-------- Data extracts --------

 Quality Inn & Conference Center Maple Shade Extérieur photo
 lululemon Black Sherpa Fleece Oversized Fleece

--------
-------- Data extracts --------

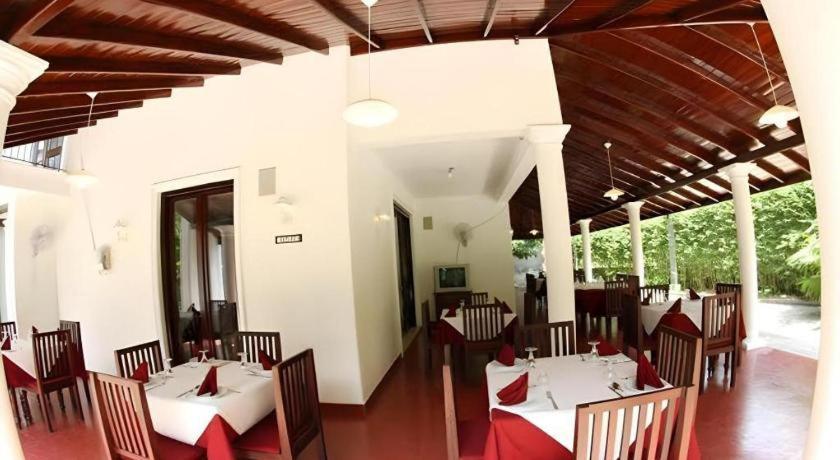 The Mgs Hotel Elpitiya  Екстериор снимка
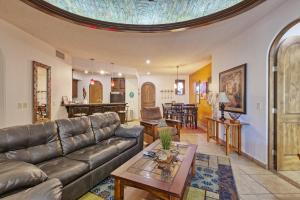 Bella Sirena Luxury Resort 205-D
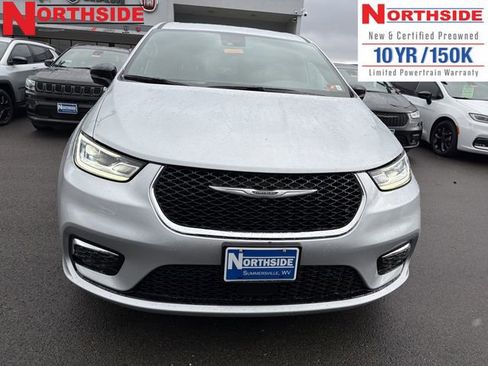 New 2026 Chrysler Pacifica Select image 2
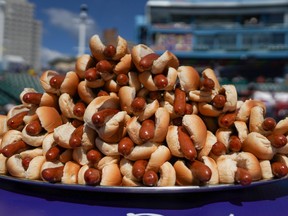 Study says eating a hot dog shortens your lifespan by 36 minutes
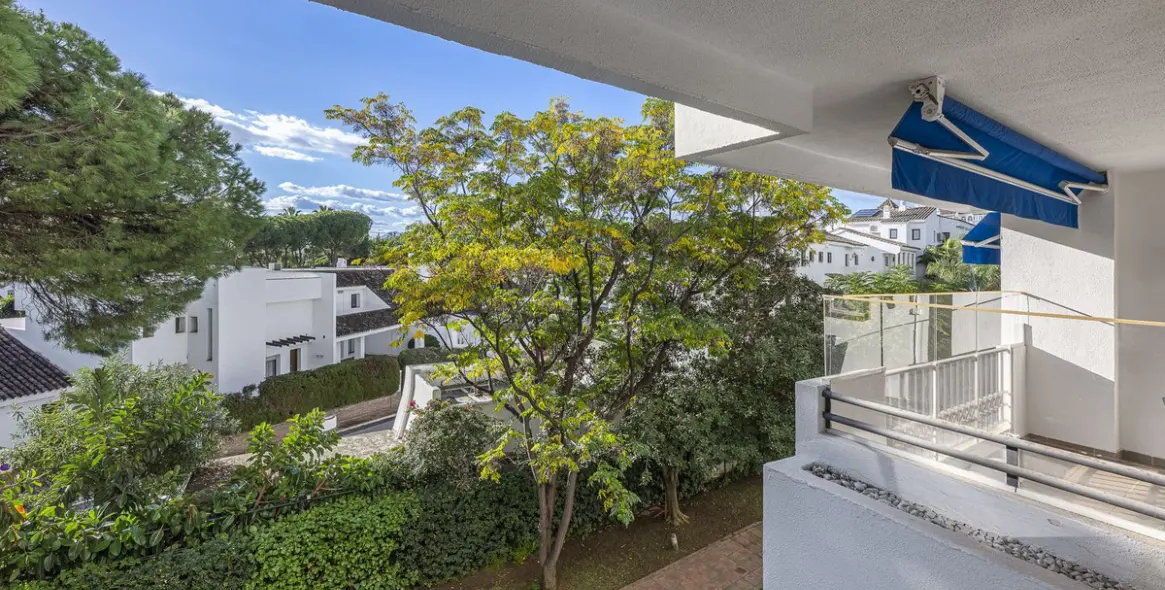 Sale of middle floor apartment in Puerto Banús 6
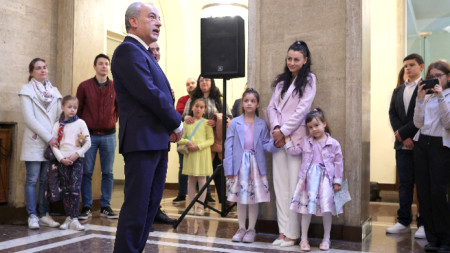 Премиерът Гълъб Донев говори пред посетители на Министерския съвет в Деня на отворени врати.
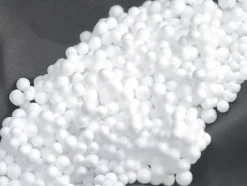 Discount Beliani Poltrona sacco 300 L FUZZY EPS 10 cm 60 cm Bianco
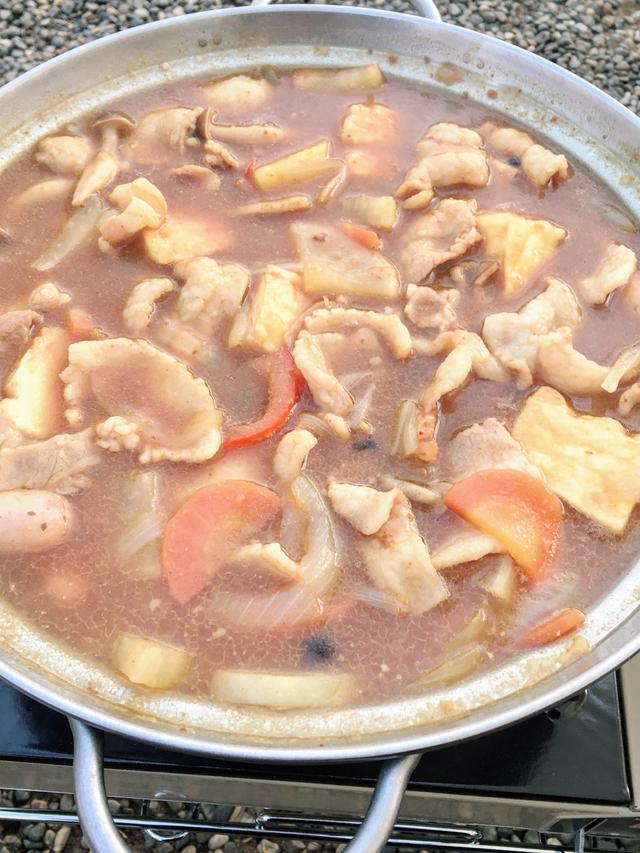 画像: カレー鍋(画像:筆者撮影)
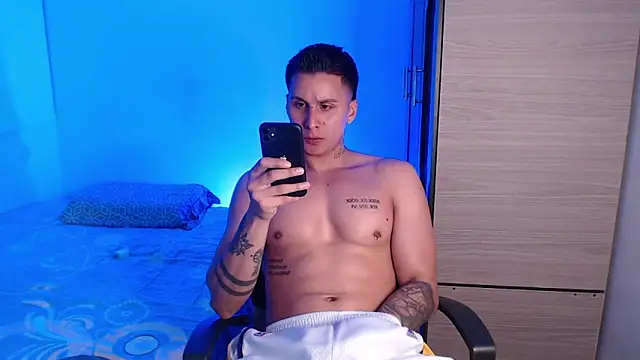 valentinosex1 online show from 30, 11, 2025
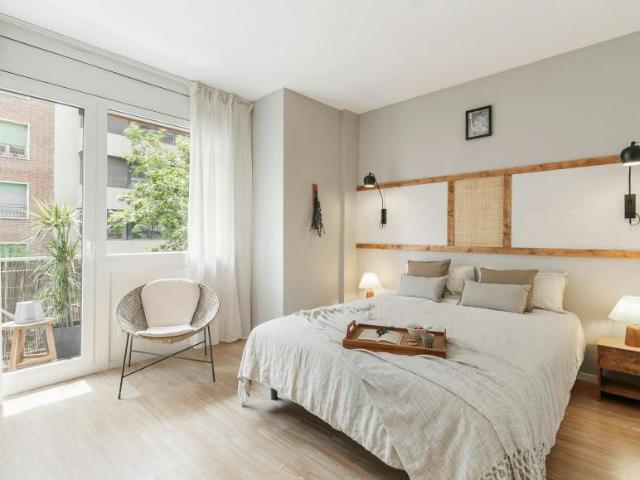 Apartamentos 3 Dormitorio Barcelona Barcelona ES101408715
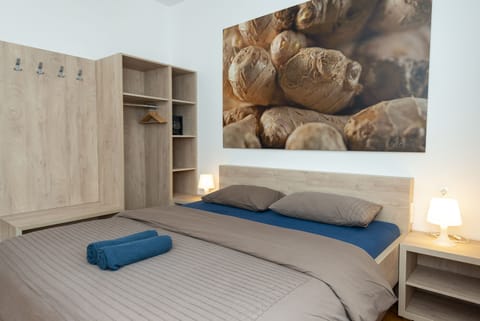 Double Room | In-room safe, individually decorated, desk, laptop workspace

--------

» **Work task**:
Look above for the line containing "Discount Beliani Poltrona" and the line containing "Double Room |", then reproduce both and everything between them exactly, pictures omitted.

» **Written solution**:
 Discount Beliani Poltrona sacco 300 L FUZZY EPS 10 cm 60 cm Bianco
 画像: カレー鍋(画像:筆者撮影)
 valentinosex1 online show from 30, 11, 2025
 Apartamentos 3 Dormitorio Barcelona Barcelona ES101408715
 Double Room | In-room safe, individually decorated, desk, laptop workspace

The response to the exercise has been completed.